- **Stored items from a collection**:
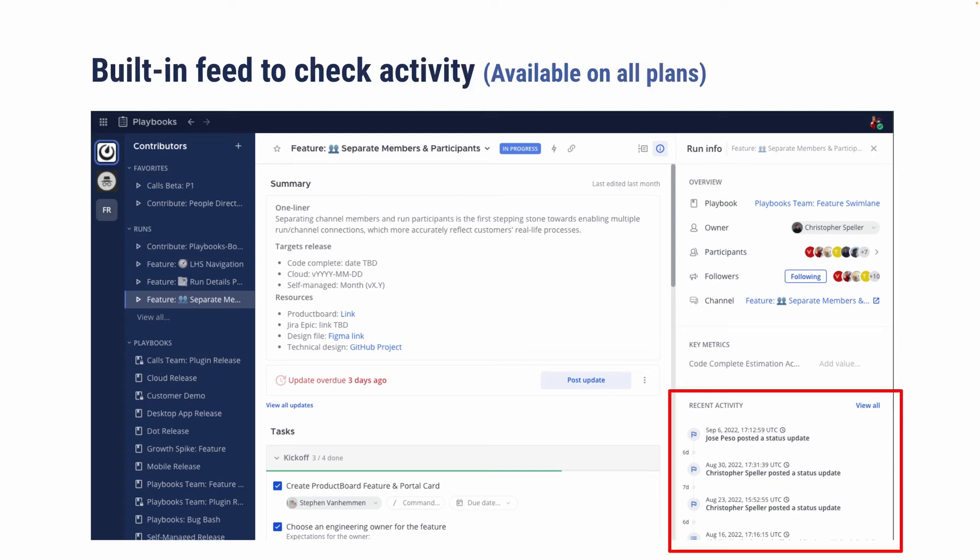Similarly, you want to gauge how active a process currently is. For example, is this something that's set stale for the last two months without any activities, or is there a ton of people looking and contributing to this right now? So we added a built-in feed, also available at a glance, for you to see the most recent activities. And you can always click view all to see the full timeline, kind of trace back who did what at what time.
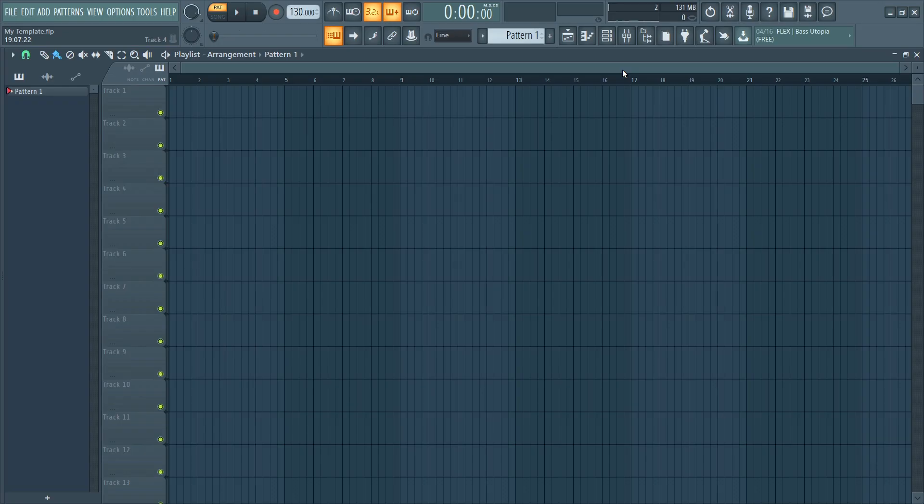In this video, I will show you some tips and tricks that might be helpful for you that you can do inside of FL Studio.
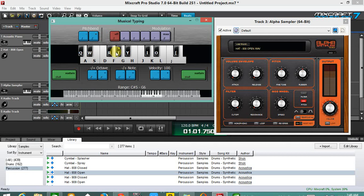For those who are newbies, just research on what a volume envelope is, what a pitch is, filter. It's pretty much easy to learn.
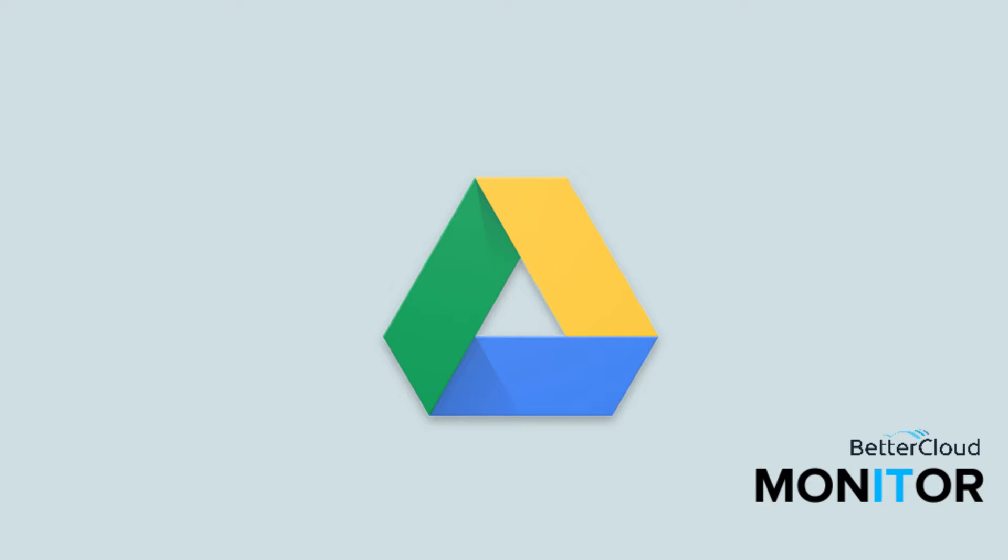Hello! Today we're going to talk about how to use Microsoft Office within Google Drive.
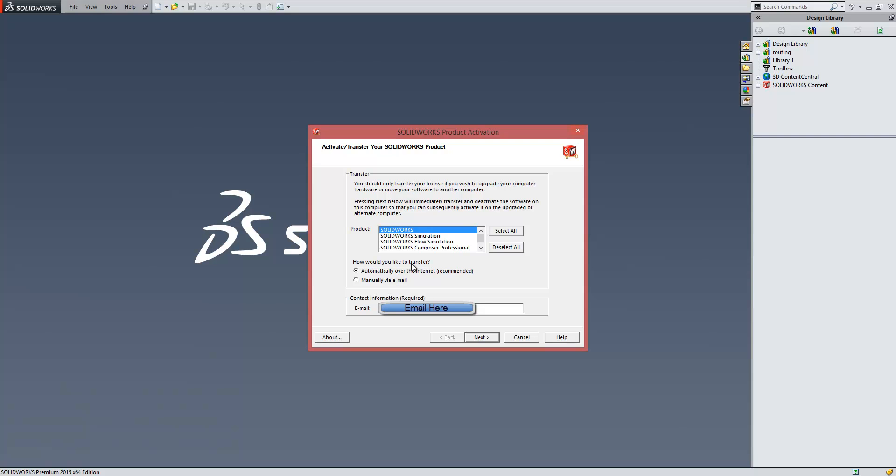I can then be given the option for how I would like to transfer. We can do this automatically over the internet, which is recommended, or manually via email. Automatically over the internet releases the license to the SOLIDWORKS server.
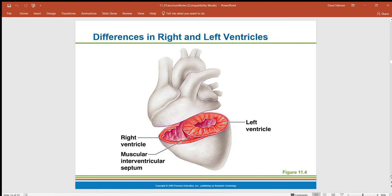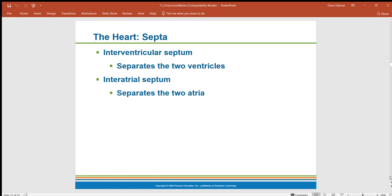Between chambers there are septa — biological walls — that separate the ventricles and the atria. In a three-chambered heart, like in amphibians, there is one big ventricle and mixing of blood can occur. Some reptiles have a partial septum. In birds and mammals, we see four-chambered hearts with complete separation between oxygenated and deoxygenated blood provided by the septum.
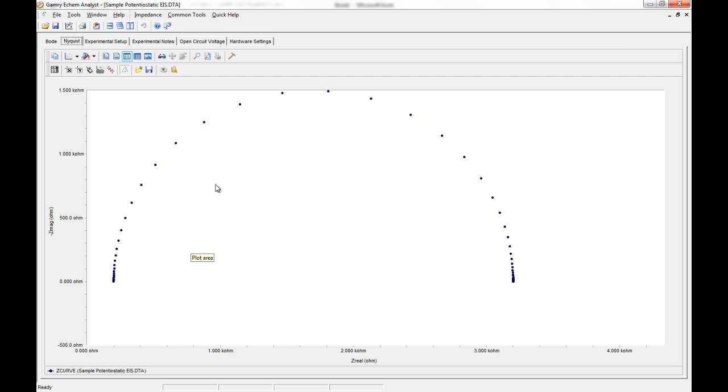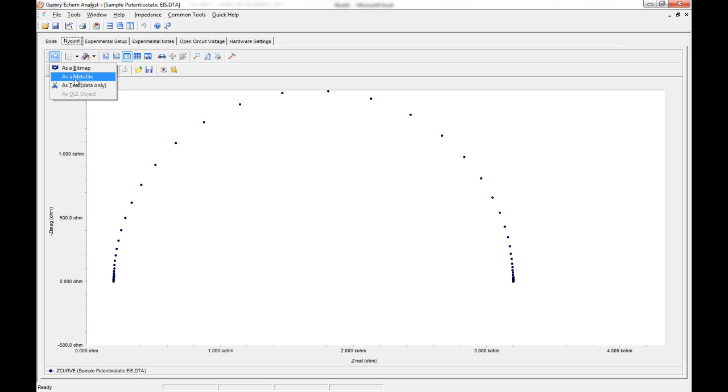Another neat feature of Ecamm Analyst is that you can export as bitmaps or as meta files. So perhaps you want to paste right from here into PowerPoint or Word for publication purposes.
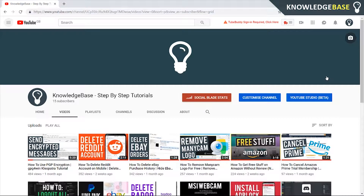Hey guys, welcome to Knowledge Base. Today I'm going to show you how you can enable monetization on YouTube in 2019. If this video does help you out, please make sure you leave a like and subscribe for more videos.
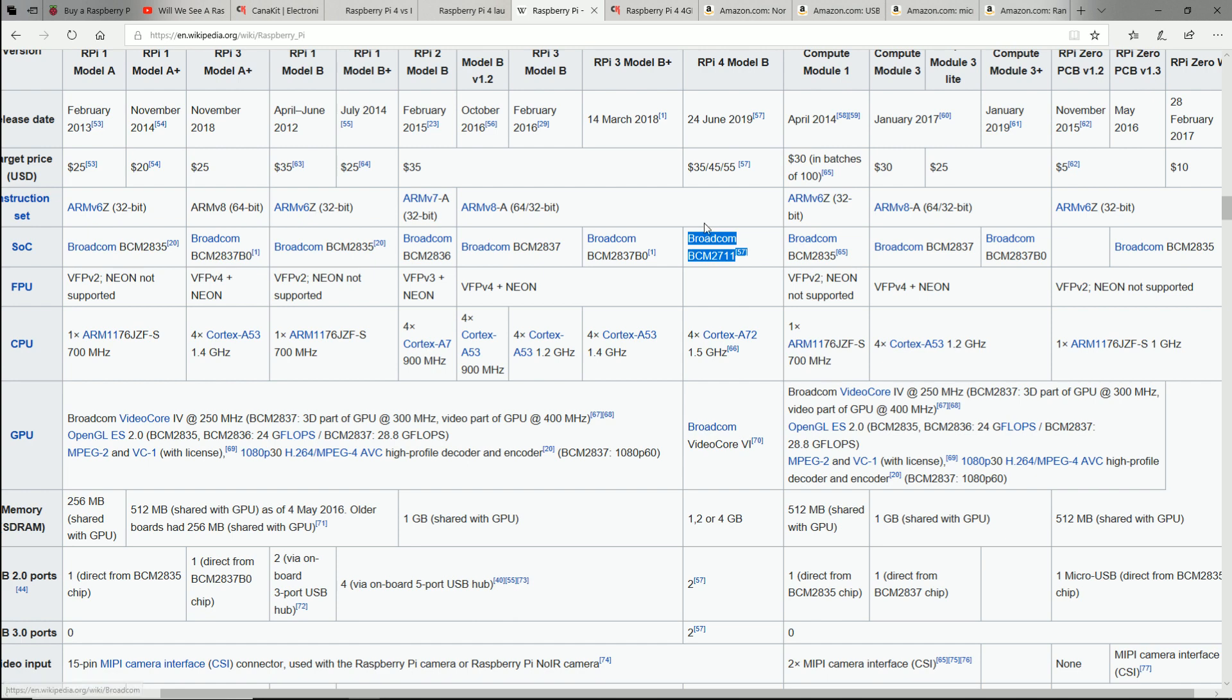Number two is the architecture is different. So, just because it's a 0.1 gigahertz increase, that doesn't mean a lot. The whole architecture is changing. So, it's going to be more efficient. It's going to consume less power. It will be a lot more powerful than just if you were to do it in percentages.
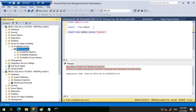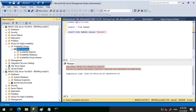To recap: readable secondary set to 'Read Intent Only' requires the Application Intent = Read Only switch when connecting, either in SSMS or via SQLCMD. Readable secondary set to 'Yes' allows you to execute a SELECT query on the secondary directly — you can connect to the secondary database without providing any switch. That's it for this video. Thanks for watching, have a great day.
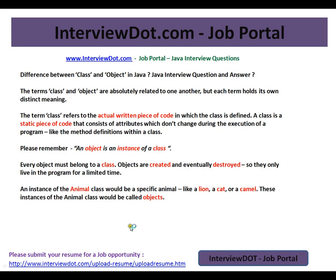This video is from intb.com. intb.com is a job portal — if you're looking for a job, you can log on to intb.com and post your resume with us. In this video I'm going to talk about a very basic Java interview question: the difference between class and object in Java.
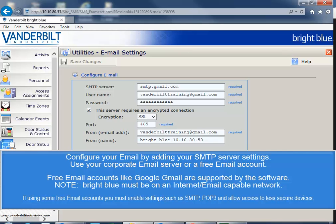You can use your corporate email server or a free email account. Free email accounts like Google Gmail are supported by the software. Please remember, Bright Blue must be on an internet or email capable network.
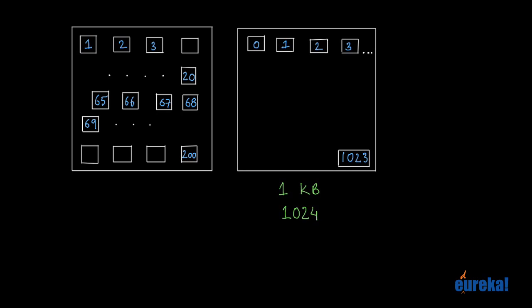Now, each cell or byte in memory consists of 8 bits: 1, 2, 3, 4, 5, 6, 7, 8.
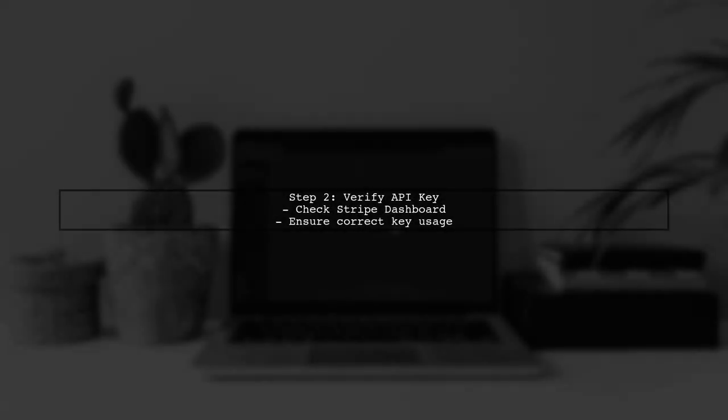Next, review your Stripe API key. Make sure that the key is correctly set and has the necessary permissions. You can find your API keys in the Stripe dashboard.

- **WORK INSTRUCTION**: Could you transcribe exactly the entries above, but only the lines from the one with "To recap: readable" through the one with "This video is", and without pictures?

- **SOLUTION TO THIS PROBLEM**:
To recap: readable secondary set to 'Read Intent Only' requires the Application Intent = Read Only switch when connecting, either in SSMS or via SQLCMD. Readable secondary set to 'Yes' allows you to execute a SELECT query on the secondary directly — you can connect to the secondary database without providing any switch. That's it for this video. Thanks for watching, have a great day.
This video is from intb.com. intb.com is a job portal — if you're looking for a job, you can log on to intb.com and post your resume with us. In this video I'm going to talk about a very basic Java interview question: the difference between class and object in Java.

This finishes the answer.